I told you exciting things will be happening very soon: Quinton Martins, the project manager of the Cape Leopard Trust and my supervisor in the field (on the right side of the picture) has been trapping to collar leopards in the Driehoek area of the Cederberg. Several people (Dawie and Lizette Burger, Jurg Studer) were assisting with the trap monitoring every 2-3hrs (all day/night) using trap transmitters.
The capture crew (from the left to the right): Elizabeth Martins, Dawie Burger, Patrick Lane (Cape Nature), Dr. Mark Walton (the vet) and Quinton Martins.
At 11pm last night, Dawie called Quinton to say one of the foot loop traps had been triggered. Quinton came and woke me up (yeah some people are sleeping while others are working!). I couldn’t believe that after less than a week in the Cederberg, I was fortunate enough to be part of a Cape leopard capture! Indeed, a leopard was in the trap, nicely caught on the left front paw. Dawie had checked the trap at 10pm, so the leopard had only been in the trap for an hour at most. The vet arrived by 2am, and the darting procedure went very well (I have to say Quinton was extremely happy, like all of us). It was a young male leopard in good condition.

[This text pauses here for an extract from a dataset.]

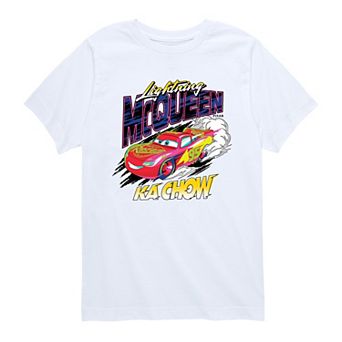 Boys 8-20 Disney / Pixar's Cars Lightning McQueen Ka Chow Graphic Tee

Dr. Quinton Martins is weighing a GPS collar before fitting it to the leopard.
After checking with the vet the claws and teeth of the leopard, we can say that the method of the foot loops traps are safe for the animal, which is very important. We were all impressed with this excellent trapping method for large carnivores. As you can tell from the photos I took, all the most important “tackle” were in perfect condition – claws, teeth and his paw was absolutely fine.
We eventually went to sleep at about 5:30 am, tired but very pleased with the work done. Would you like to know more about this sub-adult leopard (where his territory is, who are his parents)? Just go and check the Cape Leopard Trust’s website for more exciting news.
It’s time for me to get all my equipment ready for tomorrow: I’m going into the field to look for claw marks (leopard’s and caracal’s) on trees and then find new places to set up some traps. See you soon everyone!